A Superior Court judge has ruled that the Nantucket Select Board, along with town manager Libby Gibson and police chief Bill Pittman, did not violate the civil rights or right to free speech of two citizens during the March 11, 2020 Select Board meeting in which the hate crime at the African Meeting House was discussed.
A tense exchange with those town officials at the meeting nearly three years ago prompted island residents Jim Barros and Rose Marie Samuels to file a lawsuit in Nantucket Superior Court in which they alleged their right to free speech had been abridged as they attempted to express their frustration with the lack of progress in the investigation into the racist graffiti that was spray painted on the historic African Meeting House in March 2018. They claimed they were unable to exercise their free speech rights due to “threats, intimidation, and coercion” at the meeting.

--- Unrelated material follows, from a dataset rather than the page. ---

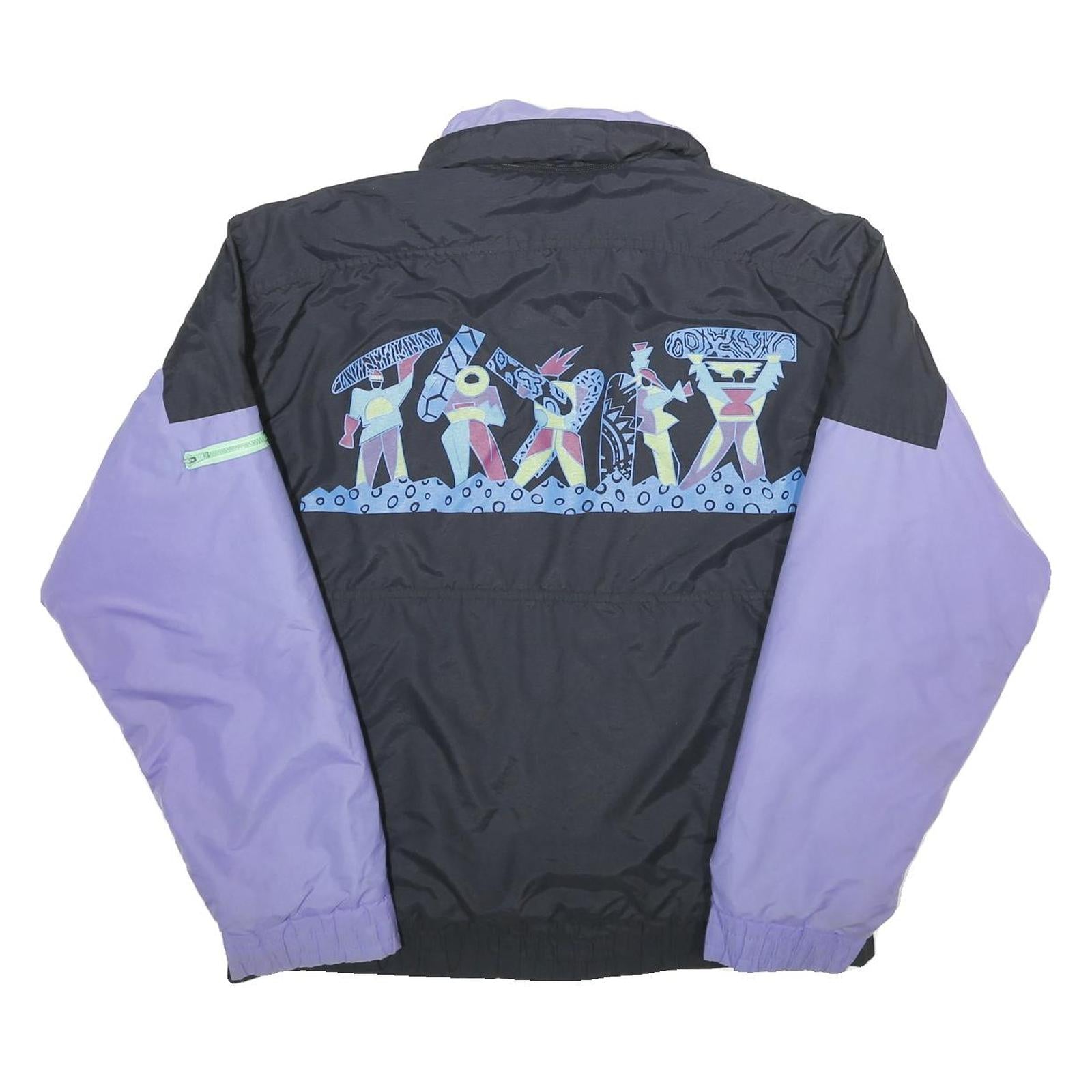 POLAR PATROL Mens Black & Lilac Abstract Nylon Jacket M Zip Casual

But in a ruling handed down last month, Judge Mark Gildea declared that the town officials named in the lawsuit did not violate Barros’ and Samuels’ civil rights or right to free speech, and granted the defendants' motion for summary judgement in the case.
“No reasonable jury could find that the defendants curtailed or attempted to curtail Samuels’s speech based on viewpoint in violation of art. 16,” Gildea wrote, referring to Article 16 in the Massachusetts Declaration of Rights, relating to freedom of speech and freedom of the press. “No reasonable factfinder could conclude that the brief interruptions of Samuels, coupled with the failure to interrupt Pittman, represents an attempt by Town officials to give one side an advantage in expressing views about the investigation...Objectively viewed, Pittman’s actions were not an attempt to curtail Barros’s speech about the African Meeting House investigation based on Barros’s viewpoint.”

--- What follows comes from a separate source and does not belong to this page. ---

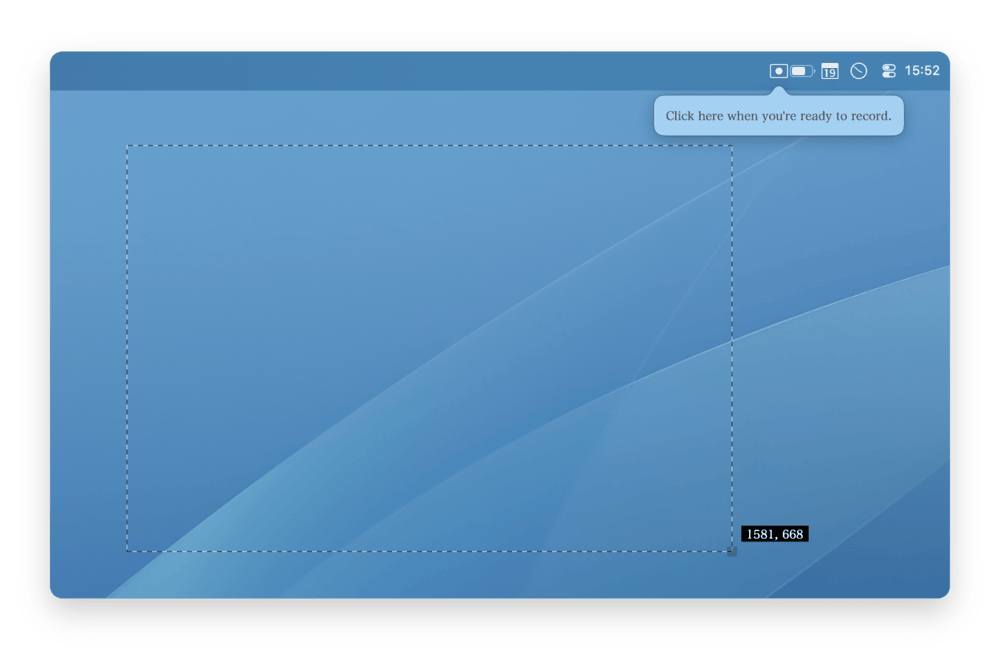 A mac desktop showing the captura icon on the menu bar, with a dashed rectangle showing the recording area and the dimensions (1581, 668). A popover under the captura icon says 'Click here when you're ready to record'.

Barros and Samuels, through their attorney John Hitt, immediately filed an appeal of Judge Gildea’s ruling. The appeal was filed with the Massachusetts state appeals court, and could end up being referred to the Massachusetts Supreme Judicial Court (SJC), Hitt said.
Hitt referenced a case decided this week by the SJC - Louise Barron vs. Daniel Kolenda - which he believes should have been the standard by which Gildea decided the Nantucket case. In that case, the SJC ruled that government officials are prohibited from silencing members of the public based on the substance of their remarks during “public comment” periods of town meetings.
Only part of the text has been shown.